Case has heard about that and has her own theory about why the
club is all male. "The things they do would look too silly if women
saw
them."




The huge athletic Olympic Club, with two golf courses by the
ocean and a more tie-and-suit headquarters downtown, is the oldest and
one of the most famous clubs in the country, and one of the biggest.




Of the three clubs he belongs to, this is George Livermore's
favorite. He lives across the street from the downtown site. "I go
swimming at the Olympic Club and get drunk next door at the Bohemian
Club,"
he said, merrily.




His grandfather, Horatio P. Livermore, was a founder of the
Olympic Club back in 1860 in a downtown firehouse and added two
gorgeous
18-hole golf courses by the ocean in the 1920s. It has since hosted
four
U.S. Open championships.




Like many clubs, it was begun by people who couldn't get in
elsewhere --


in this case, Germans, Italians, Irish and Catholics.




"I used to play golf there with a florist and another guy who
sells vegetables and hauls lettuce and celery around the backseat of a
Rolls-Royce," said Burgin, a member since 1969. "It's not a place
merely
for the rich and the swells."




There's a 10-year wait for golf memberships. The lakeside
clubhouse was designed by Arthur Brown, who designed San Francisco's
City
Hall and the Opera House.




The club has lots of sport teams, bay swims, dinners, power
pacing classes, an annual hike and dip on Ocean Beach, relays around
Lake
Merced and crab feasts. "It's the best club in the world," said Stuart
Kinder, president last year. "We have a broad-based membership that
crosses all social and economic lines. You don't have to be a blue
blood
to be a member. You don't have to be wealthy."




Marcus Musante, 25, is glad to have joined as a junior member,
though he got scolded for wearing cargo pants to a golf lesson.
"People
are talkative. It's a social atmosphere. When you're young, just
starting out, there're few things as valuable as talking to an older
professional. It's nice to pick their brains, and at the club they're
willing
to be open and share their pearls."




When Musante told an older member that he was interning at a
district attorney's office, "he recommended for me to go into a
government agency right out of school and try to cure the world of its
problems
until you realize you can't."




Until 1992, women could golf but not go to the downtown club.
That year it was discovered the club had three holes on public
property.
Louise Renne, then city attorney, said, "We told them, 'Stop
discriminating or play with 15 holes.' " Women now are full members.




"These days, athletic clubs would be mad to exclude women --
they're so much more involved in athletics than they ever have been,"
said Ron Fimrite, who's at work on a history of the club. The club is
building new facilities on Sutter Street, largely for the women.

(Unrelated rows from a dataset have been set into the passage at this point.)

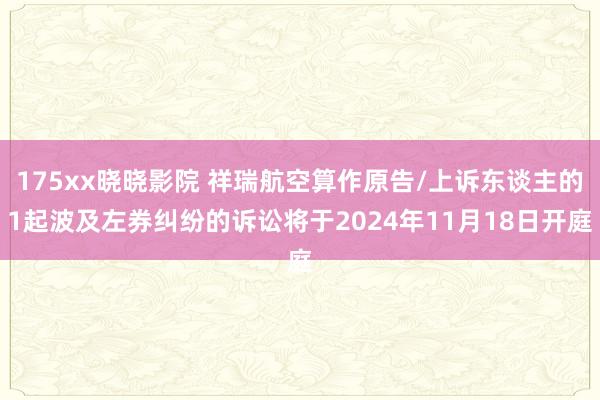 175xx晓晓影院 祥瑞航空算作原告/上诉东谈主的1起波及左券纠纷的诉讼将于2024年11月18日开庭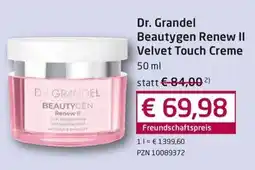 Guten Tag Apotheke Dr. Grandel Beautygen Renew II Velvet Touch Creme Angebot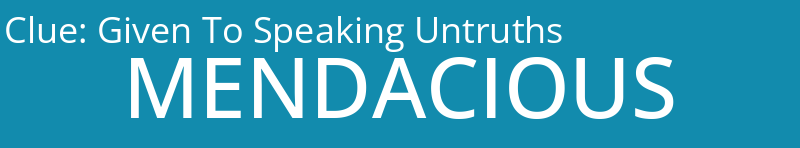 Given To Speaking Untruths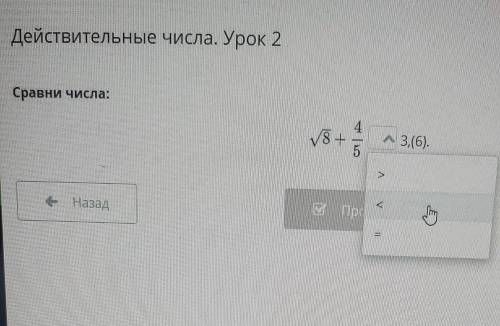 Действительные числа. Урок 2 Сравни числа: 4 18 + 5 vs + A 3,(6). > у Пос е Назад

Burgin doesn't go to the Olympic Club much anymore. "When girls
come in, it flat changes," he mourned. "Used to be, you'd go in and
the ballgame's on, tablecloths are plain, no flowers on the tables.
You
can sit down at anybody's table without formality, yell across the
room
and talk dirty. So goddamn annoying. Breaks my heart.




"Ferchrissakes, can't a man have a place to go?"




--------------------------------------------------------




Bohemian Club




Addresses: 624 Taylor St., and Bohemian Grove, 75 miles
northwest of San Francisco near Guerneville




Membership: 2,700 (one member per acre)




Waiting list: 3,000




Average number of years on waiting list: 15 to 20




Members: George H.W. Bush, Gerald Ford, Henry Kissinger, Donald
Rumsfeld, George Shultz, Alexander Haig, Colin Powell, rocker Steve
Miller, Clint Eastwood.




Slogan: "Weaving Spiders Come Not Here."




Books to read about it: "The Bohemian Grove" by G. William
Domhoff and "The Greatest Men's Party on Earth" by John van der Zee.




Accept minorities: Yes, especially if they can play an
instrument.




Best place to spy: Put your canoe in the Russian River at
Northwood, just west of Johnson's Beach in Guerneville, and head
downstream
past their floating boathouse. The Bohemians couldn't buy the whole
river. One suspects they are irked by this fact.